**SUPPLIED DATA:**
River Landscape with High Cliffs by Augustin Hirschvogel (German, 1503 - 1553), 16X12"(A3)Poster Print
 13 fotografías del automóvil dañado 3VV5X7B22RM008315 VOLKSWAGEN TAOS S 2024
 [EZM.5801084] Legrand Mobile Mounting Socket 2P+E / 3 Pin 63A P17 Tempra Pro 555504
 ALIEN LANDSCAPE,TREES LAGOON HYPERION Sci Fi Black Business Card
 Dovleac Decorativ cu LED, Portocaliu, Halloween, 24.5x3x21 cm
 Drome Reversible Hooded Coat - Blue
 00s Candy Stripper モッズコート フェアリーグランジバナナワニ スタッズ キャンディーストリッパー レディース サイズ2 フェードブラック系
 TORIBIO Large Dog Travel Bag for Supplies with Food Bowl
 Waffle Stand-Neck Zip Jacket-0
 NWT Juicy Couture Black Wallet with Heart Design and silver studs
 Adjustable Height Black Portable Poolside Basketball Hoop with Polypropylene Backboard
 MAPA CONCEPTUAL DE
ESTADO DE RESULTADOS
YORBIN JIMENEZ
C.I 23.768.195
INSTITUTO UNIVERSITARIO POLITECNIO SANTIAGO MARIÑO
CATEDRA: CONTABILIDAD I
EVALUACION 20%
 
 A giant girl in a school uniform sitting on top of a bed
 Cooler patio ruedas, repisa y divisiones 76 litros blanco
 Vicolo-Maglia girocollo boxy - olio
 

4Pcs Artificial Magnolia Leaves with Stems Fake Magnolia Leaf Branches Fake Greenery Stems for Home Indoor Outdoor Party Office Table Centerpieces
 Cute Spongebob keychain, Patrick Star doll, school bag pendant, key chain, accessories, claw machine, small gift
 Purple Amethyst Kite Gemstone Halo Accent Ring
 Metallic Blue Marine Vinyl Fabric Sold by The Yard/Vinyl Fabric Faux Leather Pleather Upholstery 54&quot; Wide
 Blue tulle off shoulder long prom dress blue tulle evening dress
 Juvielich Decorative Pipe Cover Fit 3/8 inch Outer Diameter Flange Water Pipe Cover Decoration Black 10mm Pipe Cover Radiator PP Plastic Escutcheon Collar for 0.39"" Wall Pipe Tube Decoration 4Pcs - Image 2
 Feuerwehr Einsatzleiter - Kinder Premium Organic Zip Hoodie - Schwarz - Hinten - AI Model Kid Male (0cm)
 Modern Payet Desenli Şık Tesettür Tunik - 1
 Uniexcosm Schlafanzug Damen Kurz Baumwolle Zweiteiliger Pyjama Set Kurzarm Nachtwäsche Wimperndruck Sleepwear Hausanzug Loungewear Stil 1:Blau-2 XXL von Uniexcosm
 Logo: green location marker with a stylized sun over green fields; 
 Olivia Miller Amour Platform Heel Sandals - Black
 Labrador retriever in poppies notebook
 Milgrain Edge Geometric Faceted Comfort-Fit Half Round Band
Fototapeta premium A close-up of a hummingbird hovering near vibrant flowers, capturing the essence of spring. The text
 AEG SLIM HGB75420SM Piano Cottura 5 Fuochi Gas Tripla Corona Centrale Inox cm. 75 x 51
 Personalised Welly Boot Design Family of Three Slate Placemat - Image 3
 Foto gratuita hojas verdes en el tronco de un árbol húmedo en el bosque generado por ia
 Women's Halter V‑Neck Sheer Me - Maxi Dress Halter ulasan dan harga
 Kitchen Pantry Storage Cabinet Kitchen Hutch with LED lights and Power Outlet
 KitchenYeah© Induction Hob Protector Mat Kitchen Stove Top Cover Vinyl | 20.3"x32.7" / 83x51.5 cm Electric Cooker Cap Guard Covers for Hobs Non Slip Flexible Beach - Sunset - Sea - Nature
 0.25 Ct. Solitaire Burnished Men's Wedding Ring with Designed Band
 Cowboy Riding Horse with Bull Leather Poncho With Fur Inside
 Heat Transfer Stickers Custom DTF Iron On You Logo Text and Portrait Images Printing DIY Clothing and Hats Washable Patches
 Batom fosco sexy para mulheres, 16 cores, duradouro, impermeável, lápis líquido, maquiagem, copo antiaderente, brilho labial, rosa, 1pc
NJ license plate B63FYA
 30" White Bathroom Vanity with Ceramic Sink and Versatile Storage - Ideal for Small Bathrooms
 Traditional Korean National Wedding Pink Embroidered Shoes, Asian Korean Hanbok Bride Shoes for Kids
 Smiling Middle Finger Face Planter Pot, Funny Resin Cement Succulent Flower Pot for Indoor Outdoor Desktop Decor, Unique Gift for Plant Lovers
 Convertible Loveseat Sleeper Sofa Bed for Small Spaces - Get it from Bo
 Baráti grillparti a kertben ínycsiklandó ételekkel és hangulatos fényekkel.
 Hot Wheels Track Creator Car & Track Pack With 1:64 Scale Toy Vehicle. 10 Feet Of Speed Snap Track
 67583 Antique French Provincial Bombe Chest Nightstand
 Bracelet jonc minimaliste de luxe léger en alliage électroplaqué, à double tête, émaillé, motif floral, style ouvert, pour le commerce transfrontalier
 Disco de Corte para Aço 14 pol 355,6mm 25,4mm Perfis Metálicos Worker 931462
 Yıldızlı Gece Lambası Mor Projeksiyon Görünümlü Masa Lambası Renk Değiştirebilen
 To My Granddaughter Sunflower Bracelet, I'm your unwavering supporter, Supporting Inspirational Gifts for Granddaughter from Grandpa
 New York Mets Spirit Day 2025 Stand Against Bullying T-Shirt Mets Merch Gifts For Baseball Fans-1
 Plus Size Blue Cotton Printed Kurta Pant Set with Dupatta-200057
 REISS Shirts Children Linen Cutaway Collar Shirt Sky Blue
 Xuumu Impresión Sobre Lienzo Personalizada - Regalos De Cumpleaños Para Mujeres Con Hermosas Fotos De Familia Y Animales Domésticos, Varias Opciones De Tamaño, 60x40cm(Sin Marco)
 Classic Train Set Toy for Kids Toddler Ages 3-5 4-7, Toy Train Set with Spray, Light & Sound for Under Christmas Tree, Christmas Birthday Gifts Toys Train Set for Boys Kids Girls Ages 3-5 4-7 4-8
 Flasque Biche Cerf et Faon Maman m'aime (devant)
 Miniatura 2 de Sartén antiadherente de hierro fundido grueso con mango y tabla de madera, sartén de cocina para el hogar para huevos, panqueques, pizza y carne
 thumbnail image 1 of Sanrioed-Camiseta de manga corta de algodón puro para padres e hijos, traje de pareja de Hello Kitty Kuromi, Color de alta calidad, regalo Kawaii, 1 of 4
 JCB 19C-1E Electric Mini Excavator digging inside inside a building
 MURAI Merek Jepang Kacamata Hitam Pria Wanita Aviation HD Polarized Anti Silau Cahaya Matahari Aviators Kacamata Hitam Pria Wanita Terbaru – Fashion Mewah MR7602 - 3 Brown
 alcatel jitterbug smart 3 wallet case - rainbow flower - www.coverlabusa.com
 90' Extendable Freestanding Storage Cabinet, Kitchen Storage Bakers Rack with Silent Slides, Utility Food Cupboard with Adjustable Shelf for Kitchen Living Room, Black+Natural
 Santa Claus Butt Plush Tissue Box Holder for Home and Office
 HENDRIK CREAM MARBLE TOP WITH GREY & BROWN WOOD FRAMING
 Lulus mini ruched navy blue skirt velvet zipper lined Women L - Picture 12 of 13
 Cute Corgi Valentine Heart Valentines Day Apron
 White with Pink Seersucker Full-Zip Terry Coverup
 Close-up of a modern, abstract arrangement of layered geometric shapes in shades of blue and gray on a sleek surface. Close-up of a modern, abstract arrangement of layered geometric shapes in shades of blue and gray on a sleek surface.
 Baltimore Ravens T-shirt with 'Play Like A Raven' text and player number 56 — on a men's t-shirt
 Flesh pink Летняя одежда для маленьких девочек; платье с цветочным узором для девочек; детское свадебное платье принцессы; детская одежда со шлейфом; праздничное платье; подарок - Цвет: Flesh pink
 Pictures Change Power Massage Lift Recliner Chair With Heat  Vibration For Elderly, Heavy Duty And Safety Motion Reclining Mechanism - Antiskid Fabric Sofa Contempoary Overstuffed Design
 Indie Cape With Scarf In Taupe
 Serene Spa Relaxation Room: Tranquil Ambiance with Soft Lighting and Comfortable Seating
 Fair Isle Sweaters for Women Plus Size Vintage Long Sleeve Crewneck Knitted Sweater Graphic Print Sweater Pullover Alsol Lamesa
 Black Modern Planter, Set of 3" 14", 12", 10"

**INSTRUCTIONS FOR THE TASK:** Give back exactly the lines above starting at the line where "Flesh pink Летняя" appears and ending at the line where "Serene Spa Relaxation" appears, both included, with no other lines.

**YOUR RESPONSE:**
 Flesh pink Летняя одежда для маленьких девочек; платье с цветочным узором для девочек; детское свадебное платье принцессы; детская одежда со шлейфом; праздничное платье; подарок - Цвет: Flesh pink
 Pictures Change Power Massage Lift Recliner Chair With Heat  Vibration For Elderly, Heavy Duty And Safety Motion Reclining Mechanism - Antiskid Fabric Sofa Contempoary Overstuffed Design
 Indie Cape With Scarf In Taupe
 Serene Spa Relaxation Room: Tranquil Ambiance with Soft Lighting and Comfortable Seating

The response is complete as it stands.